Helen Gurley Brown adds dazzle to dull office days in her follow-up to the phenomenal bestseller Sex and the Single Girl The classic book from 1965 tells what it was really like to be the girl in a Mad Men–style workplace. Sex and the Office became the definitive, comprehensive guide to working life for an entire generation of women. Alongside advice about how to deal with your boss, manage office politics, and make the most of personal and professional opportunities in the office, Helen Gurley Brown also shares stories from her own office days. A classic of its time, this stands as a frank look at how to get ahead, not just through working hard but through playing hard, too.

ABOUT Helen Gurley Brown


    Helen Gurley Brown (1922–2012) was a bestselling writer and editor considered one of the most influential figures of Second Wave feminism. As editor-in-chief at Cosmopolitan magazine for more than three decades, Brown transformed the magazine from a staid, behind-the-times women's publication to one of the most widely read magazines for young women.  

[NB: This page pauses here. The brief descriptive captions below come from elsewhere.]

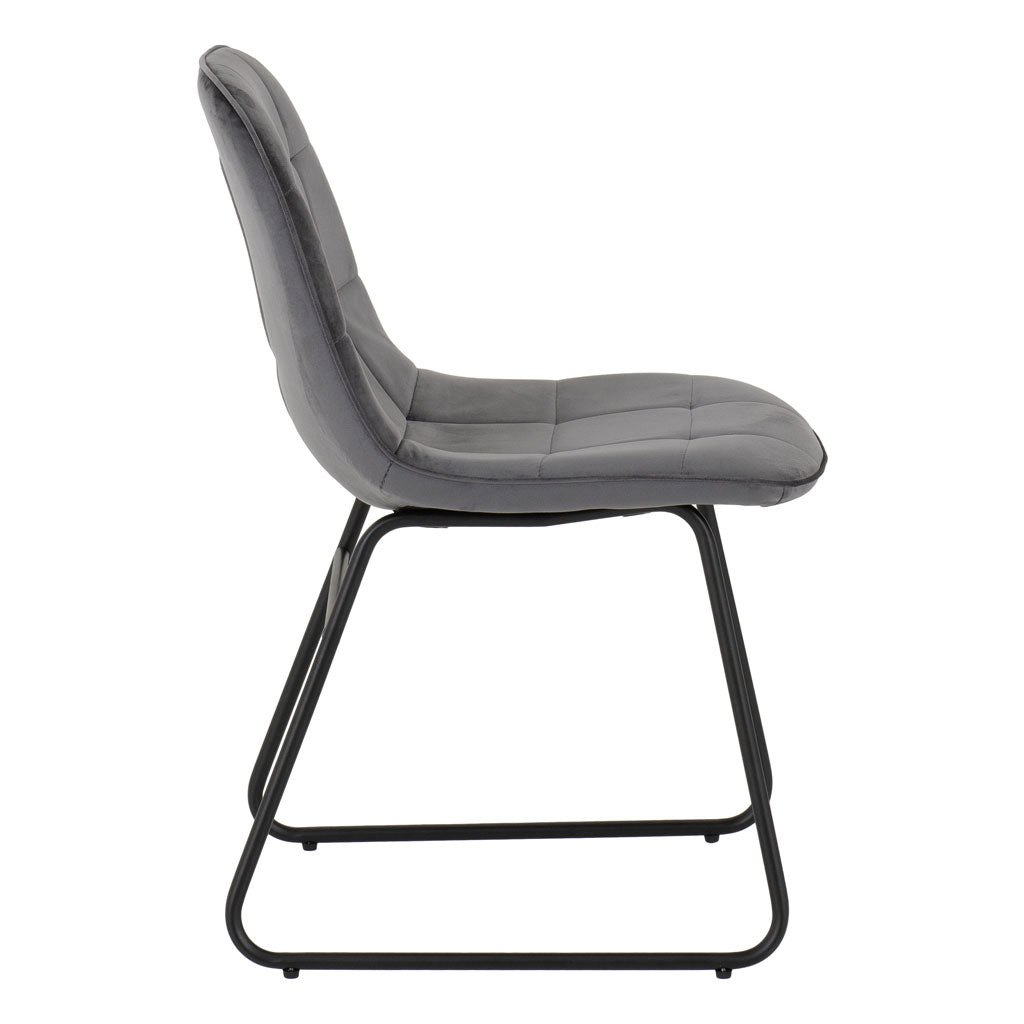 Velvet Dining Chairs in Set Of 2 - Lukas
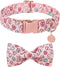 Valentine’s Day Dog Collar with Bow Tie, Pink Heart Bowtie Collar with Metal Buckle, Valentine’s Day Gift Pet Collar for Puppy Girl Boy Dog or Cat...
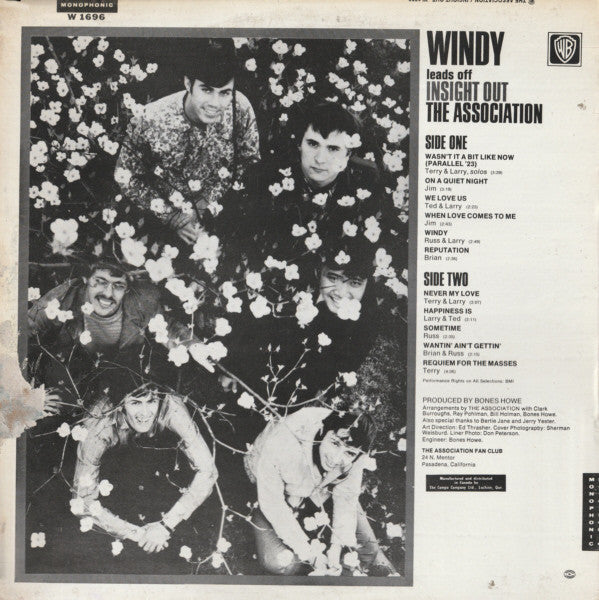 The Association (2) : Insight Out (LP, Album, Mono)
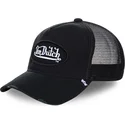 petten-gebogen-zwart-snapback-truck01-van-von-dutch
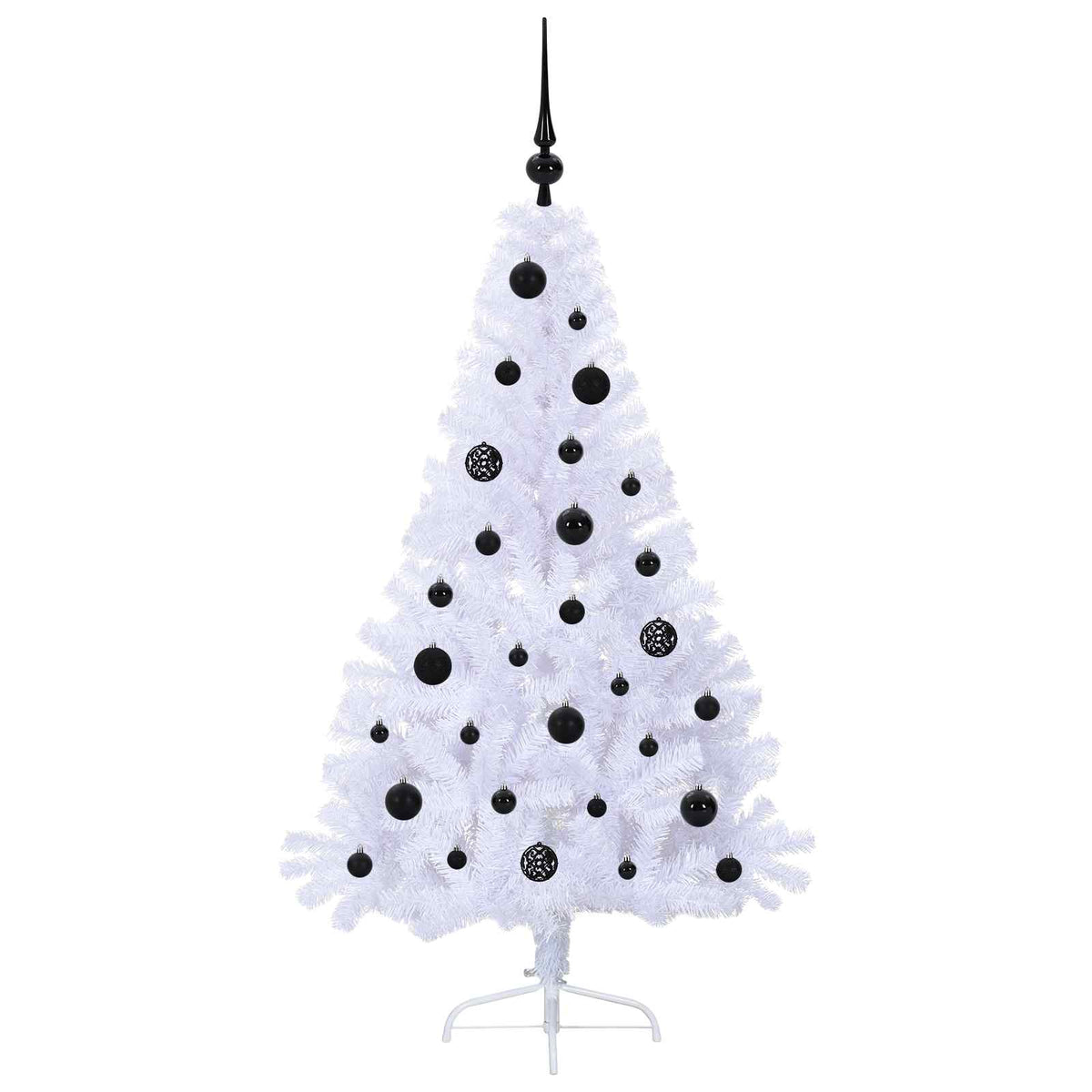 vidaXL Sztuczna choinka z 150 diodami LED Biały 150 cm PVC i stal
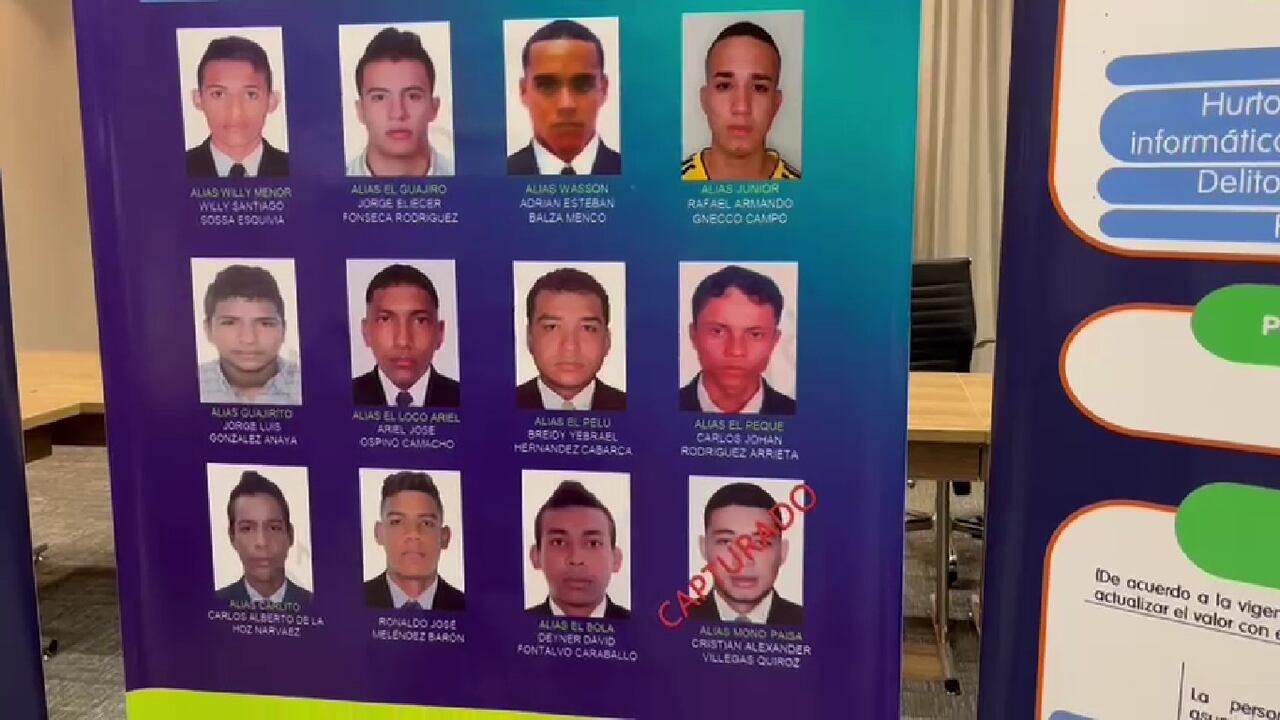 Once personas conforman el cartel de los más buscados.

    She started out at the William Morris Agency and later moved to Foote, Cone, and Belding advertising agency as a secretary. Soon thereafter, she joined the copywriting department, where she quickly rose up the ranks and became one of the highest paid ad copywriters of the early 1960s. In 1965, she was hired to reinvent Cosmopolitan.

    Brown's trailblazing book, Sex and the Single Girl, jump-started the sexual revolution when it was published in 1962. Her fun, flirty, fearless advice helped a generation of women navigate the changing cultural norms both inside and outside the bedroom. Its success inspired a follow-up book, Sex and the Office (1965).  

    In 1959, she married David Brown, who would later become the producer of Jaws, The Sting, Cocoon, Driving Miss Daisy, and other popular, award-winning films. The two lived in New York City and were major philanthropists, donating money to a number of cultural and educational causes.